DEEP LEARNING ON APACHE SPARK: INTEL BIGDL
In the present-day data deluge, Data Lakes are the technology of choice for repository services. For processing the Big Data that comes with the data deluge, Hadoop/Spark-based ecosystems provide scalable, parallelised and reliable environments.
With the advent of AI, the spiked interest in Deep Learning has posed a fundamental problem for Deep Learning based applications/research i.e. the problem of processing the data in-situ and then running the Deep Learning algorithms on the processed data. The added overhead of performing ETL processes on the collected data in the data lakes and then moving the data out of data lakes to other systems with Deep Learning capabilities require a lot of effort and expertise.
Intel BigDL solves some of these issues. BigDL is a distributed deep learning library for Apache Spark, Deep Learning on Spark-based systems are more viable because
- Large amount of data can be analysed on the same Big Data (Hadoop/Spark) cluster where the data is stored (HDFS, HBase, Hive, etc.)
- The data preparation activities like ETL, warehousing, feature engineering etc can be offloaded to the Spark/Hadoop application stackand
- The ease of getting started for data scientists and data engineers is relatively low as they are usually not the Deep Learning experts. BigDL the data scientists and data engineers can use the familiar environment and programming models of a typical Spark/Hadoop based environment and take the less taken path of Deep Learning
Cross Compatibility of BigDL models
Transfer Learning can be brought about in BigDL as the pretrained models built in Keras, Torch, Caffe or TensorFlow can be loaded into BigDL without any hassleBigDL models can also be loaded into the existing DL frameworks.
Fault Tolerance in BigDL
Existing deep learning frameworks are typically deployed as multiple long-running, potentially stateful tasks, which interact with each other (in a blocking fashion to support synchronous mini-batch SGD) for model computation and parameter synchronisation.
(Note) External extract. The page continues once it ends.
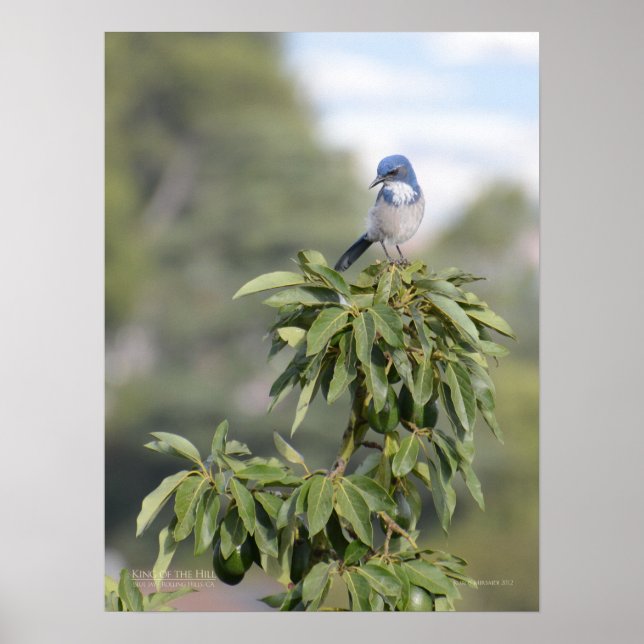 Póster Rey de la colina (Frente)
In contrast, BigDL runs a series of short-lived Spark jobs (For example, two jobs per mini-batch as described in earlier sections), and each task in the job is stateless and non-blocking. As a result, BigDL programs can automatically adapt to the dynamic resource changes (For example, pre-emption, failures, incremental scaling, resource sharing, etc.) in a timely fashion.
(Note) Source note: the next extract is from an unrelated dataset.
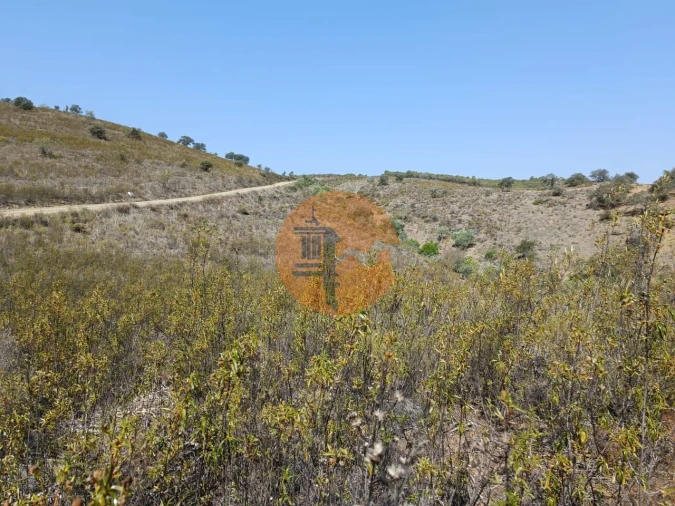 Terreno para Venda em Alcoutim e Pereiro Foto 12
BigDL in action : Analytics Zoo
Analytics Zoo is an unified analytics and AI platform based on BigDL which seamlessly unites Spark, TensorFlow, Keras and BigDL into an integrated pipeline. The things that users can do on Apache Zoo are :
- Data wrangling and analysis using PySpark
- Deep learning model development using TensorFlow or Keras
- Distributed training/inference on Spark and BigDL
- Common Feature Engineering operations (for Image, text, 3D Image etc.)
- Deep learning using Spark DataFrames
The Apache Zoo platform APIs are available for use in Python and Scala. The APIs also provide support for productionising the model inference using POJOs (Plain Old Java Objects)
The potential that BigDL and its related applications like Apache Zoo bring about is quite big and can be used to solve diverse use cases like Large-scale inferences, Hyperparameter tuning, transfer learning etc.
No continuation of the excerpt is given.